In the branch of abstract algebra known as ring theory, a minimal right ideal of a ring R is a non-zero right ideal which contains no other non-zero right ideal. Likewise, a minimal left ideal is a non-zero left ideal of R containing no other non-zero left ideals of R, and a minimal ideal of R is a non-zero ideal containing no other non-zero two-sided ideal of R (Isaacs 2009).

In other words, minimal right ideals are minimal elements of the partially ordered set (poset) of non-zero right ideals of R ordered by inclusion. The reader is cautioned that outside of this context, some posets of ideals may admit the zero ideal, and so the zero ideal could potentially be a minimal element in that poset.
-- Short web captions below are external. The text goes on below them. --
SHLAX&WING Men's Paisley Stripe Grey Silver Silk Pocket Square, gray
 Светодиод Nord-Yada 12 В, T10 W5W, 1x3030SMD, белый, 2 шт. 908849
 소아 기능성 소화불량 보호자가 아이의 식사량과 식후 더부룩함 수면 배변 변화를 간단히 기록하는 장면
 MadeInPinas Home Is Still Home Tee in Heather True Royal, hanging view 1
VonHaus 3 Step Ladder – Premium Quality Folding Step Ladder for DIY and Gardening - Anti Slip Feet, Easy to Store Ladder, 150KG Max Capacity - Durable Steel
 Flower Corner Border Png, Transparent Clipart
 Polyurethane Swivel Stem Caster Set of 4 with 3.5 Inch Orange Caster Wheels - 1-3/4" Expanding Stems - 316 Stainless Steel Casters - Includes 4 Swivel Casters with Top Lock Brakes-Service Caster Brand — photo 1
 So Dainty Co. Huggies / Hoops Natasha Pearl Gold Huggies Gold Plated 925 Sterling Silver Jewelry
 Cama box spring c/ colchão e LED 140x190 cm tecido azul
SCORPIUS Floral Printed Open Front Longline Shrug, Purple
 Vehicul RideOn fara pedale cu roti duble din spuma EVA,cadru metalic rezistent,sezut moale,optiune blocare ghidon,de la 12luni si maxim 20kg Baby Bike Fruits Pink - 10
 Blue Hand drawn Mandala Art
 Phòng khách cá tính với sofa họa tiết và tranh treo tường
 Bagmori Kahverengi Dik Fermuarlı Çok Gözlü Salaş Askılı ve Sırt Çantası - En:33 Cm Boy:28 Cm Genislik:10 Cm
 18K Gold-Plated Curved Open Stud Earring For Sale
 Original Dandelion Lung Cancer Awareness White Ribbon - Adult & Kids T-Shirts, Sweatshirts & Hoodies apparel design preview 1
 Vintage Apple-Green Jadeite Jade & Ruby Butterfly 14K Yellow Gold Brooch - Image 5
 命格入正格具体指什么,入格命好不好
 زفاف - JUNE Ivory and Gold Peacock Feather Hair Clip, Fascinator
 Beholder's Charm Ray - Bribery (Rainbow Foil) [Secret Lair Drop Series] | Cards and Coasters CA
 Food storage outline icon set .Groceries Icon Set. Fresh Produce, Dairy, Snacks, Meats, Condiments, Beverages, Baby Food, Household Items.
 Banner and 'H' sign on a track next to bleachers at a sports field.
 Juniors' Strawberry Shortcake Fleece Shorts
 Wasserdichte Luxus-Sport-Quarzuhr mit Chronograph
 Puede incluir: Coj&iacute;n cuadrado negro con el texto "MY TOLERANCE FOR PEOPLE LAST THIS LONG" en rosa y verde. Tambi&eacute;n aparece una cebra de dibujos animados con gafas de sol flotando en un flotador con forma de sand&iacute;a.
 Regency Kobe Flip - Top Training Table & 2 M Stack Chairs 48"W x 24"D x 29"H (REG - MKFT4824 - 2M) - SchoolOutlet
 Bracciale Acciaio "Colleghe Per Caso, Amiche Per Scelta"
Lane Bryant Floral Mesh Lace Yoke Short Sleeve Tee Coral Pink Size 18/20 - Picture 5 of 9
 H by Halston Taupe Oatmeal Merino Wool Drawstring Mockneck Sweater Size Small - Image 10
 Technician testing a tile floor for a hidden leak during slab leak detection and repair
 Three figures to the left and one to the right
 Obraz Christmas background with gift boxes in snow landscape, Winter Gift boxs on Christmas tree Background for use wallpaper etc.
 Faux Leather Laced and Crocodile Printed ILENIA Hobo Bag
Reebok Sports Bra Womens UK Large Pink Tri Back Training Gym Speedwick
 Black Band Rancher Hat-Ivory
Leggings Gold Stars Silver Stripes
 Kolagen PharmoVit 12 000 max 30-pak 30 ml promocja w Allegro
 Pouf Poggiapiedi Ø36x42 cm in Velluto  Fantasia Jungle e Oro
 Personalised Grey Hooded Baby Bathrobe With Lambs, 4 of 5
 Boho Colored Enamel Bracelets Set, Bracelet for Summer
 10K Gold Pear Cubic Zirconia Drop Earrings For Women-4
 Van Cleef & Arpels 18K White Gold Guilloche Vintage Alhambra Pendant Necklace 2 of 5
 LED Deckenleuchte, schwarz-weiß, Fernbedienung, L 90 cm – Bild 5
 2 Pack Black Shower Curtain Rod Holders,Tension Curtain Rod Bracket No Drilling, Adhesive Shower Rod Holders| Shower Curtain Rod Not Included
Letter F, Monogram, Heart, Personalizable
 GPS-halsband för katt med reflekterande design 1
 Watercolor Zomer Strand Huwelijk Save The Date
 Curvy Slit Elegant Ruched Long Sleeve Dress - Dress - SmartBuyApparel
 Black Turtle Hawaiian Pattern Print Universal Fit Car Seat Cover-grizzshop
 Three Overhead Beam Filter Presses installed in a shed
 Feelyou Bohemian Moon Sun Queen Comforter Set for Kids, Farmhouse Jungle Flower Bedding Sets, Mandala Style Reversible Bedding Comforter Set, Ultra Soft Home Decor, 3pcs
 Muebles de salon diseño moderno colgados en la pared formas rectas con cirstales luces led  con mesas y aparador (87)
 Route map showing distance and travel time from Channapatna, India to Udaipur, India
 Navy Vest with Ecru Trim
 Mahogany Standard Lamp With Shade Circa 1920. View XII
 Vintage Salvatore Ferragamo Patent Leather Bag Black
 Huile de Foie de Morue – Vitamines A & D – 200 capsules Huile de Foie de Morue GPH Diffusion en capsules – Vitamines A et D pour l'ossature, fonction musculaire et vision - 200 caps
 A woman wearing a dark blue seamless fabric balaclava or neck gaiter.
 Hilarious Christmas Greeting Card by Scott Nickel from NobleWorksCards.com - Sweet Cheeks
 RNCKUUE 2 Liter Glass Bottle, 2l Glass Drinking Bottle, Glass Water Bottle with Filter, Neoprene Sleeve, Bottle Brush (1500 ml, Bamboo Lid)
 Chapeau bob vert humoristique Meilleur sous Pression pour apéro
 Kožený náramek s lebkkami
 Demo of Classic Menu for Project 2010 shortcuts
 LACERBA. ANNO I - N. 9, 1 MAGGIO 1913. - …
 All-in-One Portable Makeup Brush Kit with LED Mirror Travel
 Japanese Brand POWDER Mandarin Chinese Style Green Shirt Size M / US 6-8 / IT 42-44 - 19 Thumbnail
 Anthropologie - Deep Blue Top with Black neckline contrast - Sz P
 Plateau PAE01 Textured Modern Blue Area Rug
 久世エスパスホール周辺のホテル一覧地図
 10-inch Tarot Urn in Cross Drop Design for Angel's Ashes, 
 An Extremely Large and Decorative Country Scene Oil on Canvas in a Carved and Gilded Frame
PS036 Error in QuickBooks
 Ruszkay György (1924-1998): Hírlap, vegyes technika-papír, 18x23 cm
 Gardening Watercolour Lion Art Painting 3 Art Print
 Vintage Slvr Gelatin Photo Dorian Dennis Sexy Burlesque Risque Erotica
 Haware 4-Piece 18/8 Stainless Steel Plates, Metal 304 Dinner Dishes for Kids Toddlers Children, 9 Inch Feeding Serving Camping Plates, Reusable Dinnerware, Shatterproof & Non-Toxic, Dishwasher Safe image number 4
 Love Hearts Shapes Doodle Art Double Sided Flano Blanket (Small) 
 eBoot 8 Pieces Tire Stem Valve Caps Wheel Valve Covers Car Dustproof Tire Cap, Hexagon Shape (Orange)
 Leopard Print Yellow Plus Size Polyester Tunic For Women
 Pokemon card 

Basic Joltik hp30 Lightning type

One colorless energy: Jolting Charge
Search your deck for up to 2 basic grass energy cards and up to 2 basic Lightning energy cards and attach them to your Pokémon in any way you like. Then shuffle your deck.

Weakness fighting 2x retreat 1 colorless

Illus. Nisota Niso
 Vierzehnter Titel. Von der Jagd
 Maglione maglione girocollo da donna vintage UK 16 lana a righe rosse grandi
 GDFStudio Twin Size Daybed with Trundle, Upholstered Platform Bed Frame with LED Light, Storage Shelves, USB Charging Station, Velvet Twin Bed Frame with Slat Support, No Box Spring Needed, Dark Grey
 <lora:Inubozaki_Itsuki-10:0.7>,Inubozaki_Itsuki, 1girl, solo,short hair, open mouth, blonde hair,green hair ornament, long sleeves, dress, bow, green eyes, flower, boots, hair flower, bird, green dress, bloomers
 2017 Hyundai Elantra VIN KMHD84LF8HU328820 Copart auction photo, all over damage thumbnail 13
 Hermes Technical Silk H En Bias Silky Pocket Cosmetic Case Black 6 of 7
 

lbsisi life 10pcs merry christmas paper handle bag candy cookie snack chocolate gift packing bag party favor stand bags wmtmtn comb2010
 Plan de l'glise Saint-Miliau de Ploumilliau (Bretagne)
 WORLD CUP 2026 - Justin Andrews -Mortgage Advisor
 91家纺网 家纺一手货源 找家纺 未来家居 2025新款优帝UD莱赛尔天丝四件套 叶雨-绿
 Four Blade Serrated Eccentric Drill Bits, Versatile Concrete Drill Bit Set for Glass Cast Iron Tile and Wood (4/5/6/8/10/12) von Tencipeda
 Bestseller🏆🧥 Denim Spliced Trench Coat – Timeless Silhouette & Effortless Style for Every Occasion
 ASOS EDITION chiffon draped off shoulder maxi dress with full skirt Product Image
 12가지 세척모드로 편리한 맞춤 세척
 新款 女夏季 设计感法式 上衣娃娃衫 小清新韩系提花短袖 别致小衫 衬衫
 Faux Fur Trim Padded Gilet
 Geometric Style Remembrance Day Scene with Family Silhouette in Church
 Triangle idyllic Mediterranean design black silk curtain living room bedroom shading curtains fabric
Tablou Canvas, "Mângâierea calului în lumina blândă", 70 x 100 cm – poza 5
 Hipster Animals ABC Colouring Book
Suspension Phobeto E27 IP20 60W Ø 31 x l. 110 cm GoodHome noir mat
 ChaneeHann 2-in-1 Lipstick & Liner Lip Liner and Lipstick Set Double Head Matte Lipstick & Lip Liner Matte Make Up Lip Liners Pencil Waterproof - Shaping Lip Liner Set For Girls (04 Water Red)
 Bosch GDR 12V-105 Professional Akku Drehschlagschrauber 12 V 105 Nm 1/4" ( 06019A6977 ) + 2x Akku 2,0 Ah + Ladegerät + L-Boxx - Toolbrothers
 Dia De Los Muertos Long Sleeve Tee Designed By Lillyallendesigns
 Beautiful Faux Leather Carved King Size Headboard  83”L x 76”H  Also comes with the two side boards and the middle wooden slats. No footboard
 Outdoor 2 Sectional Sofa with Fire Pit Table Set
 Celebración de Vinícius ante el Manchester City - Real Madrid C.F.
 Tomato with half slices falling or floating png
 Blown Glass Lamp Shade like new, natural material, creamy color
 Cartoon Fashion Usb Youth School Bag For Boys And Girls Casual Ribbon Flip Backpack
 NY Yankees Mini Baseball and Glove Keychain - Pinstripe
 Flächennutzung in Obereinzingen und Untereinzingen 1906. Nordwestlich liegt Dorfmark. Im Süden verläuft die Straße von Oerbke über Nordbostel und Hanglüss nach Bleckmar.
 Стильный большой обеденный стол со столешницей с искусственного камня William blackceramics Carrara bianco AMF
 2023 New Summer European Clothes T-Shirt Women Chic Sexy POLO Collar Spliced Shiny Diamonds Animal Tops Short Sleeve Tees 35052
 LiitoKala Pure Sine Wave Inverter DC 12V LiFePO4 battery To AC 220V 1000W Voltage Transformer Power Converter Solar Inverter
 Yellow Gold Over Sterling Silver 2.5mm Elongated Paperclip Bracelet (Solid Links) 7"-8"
This is the case for the poset of prime ideals of a ring, which may include the zero ideal as a minimal prime ideal.

==Definition==
The definition of a minimal right ideal N of a ring R is equivalent to the following conditions:
- N is non-zero and if K is a right ideal of R with {0} ⊆ K ⊆ N, then either K = {0} or K = N.
- N is a simple right R-module.

Minimal ideals are the dual notion to maximal ideals.

==Properties==
Many standard facts on minimal ideals can be found in standard texts such as (Anderson & Fuller 1992), (Isaacs 2009), (Lam 2001), and (Lam 1999).

- In a ring with unity, maximal right ideals always exist. In contrast, minimal right, left, or two-sided ideals in a ring with unity need not exist.
- The right socle of a ring $\mathrm{soc}(R_R)$ is an important structure defined in terms of the minimal right ideals of R.
- Rings for which every right ideal contains a minimal right ideal are exactly the rings with an essential right socle.
- Any right Artinian ring or right Kasch ring has a minimal right ideal.
- Domains that are not division rings have no minimal right ideals.
- In rings with unity, minimal right ideals are necessarily principal right ideals, because for any nonzero x in a minimal right ideal N, the set xR is a nonzero right ideal of R inside N, and so xR = N.
- Brauer's lemma: Any minimal right ideal N in a ring R satisfies N^{2} = {0} or N = eR for some idempotent element e of R (Lam 2001).
- If N_{1} and N_{2} are non-isomorphic minimal right ideals of R, then the product N_{1}N_{2} equals {0}.
- If N_{1} and N_{2} are distinct minimal ideals of a ring R, then N_{1}N_{2} = {0}.
- A simple ring with a minimal right ideal is a semisimple ring.
- In a semiprime ring, there exists a minimal right ideal if and only if there exists a minimal left ideal (Lam 2001).

==Generalization==
A non-zero submodule N of a right module M is called a minimal submodule if it contains no other non-zero submodules of M. Equivalently, N is a non-zero submodule of M which is a simple module. This can also be extended to bimodules by calling a non-zero sub-bimodule N a minimal sub-bimodule of M if N contains no other non-zero sub-bimodules.

If the module M is taken to be the right R-module R_{R}, then the minimal submodules are exactly the minimal right ideals of R. Likewise, the minimal left ideals of R are precisely the minimal submodules of the left module _{R}R. In the case of two-sided ideals, we see that the minimal ideals of R are exactly the minimal sub-bimodules of the bimodule _{R}R_{R}.

Just as with rings, there is no guarantee that minimal submodules exist in a module. Minimal submodules can be used to define the socle of a module.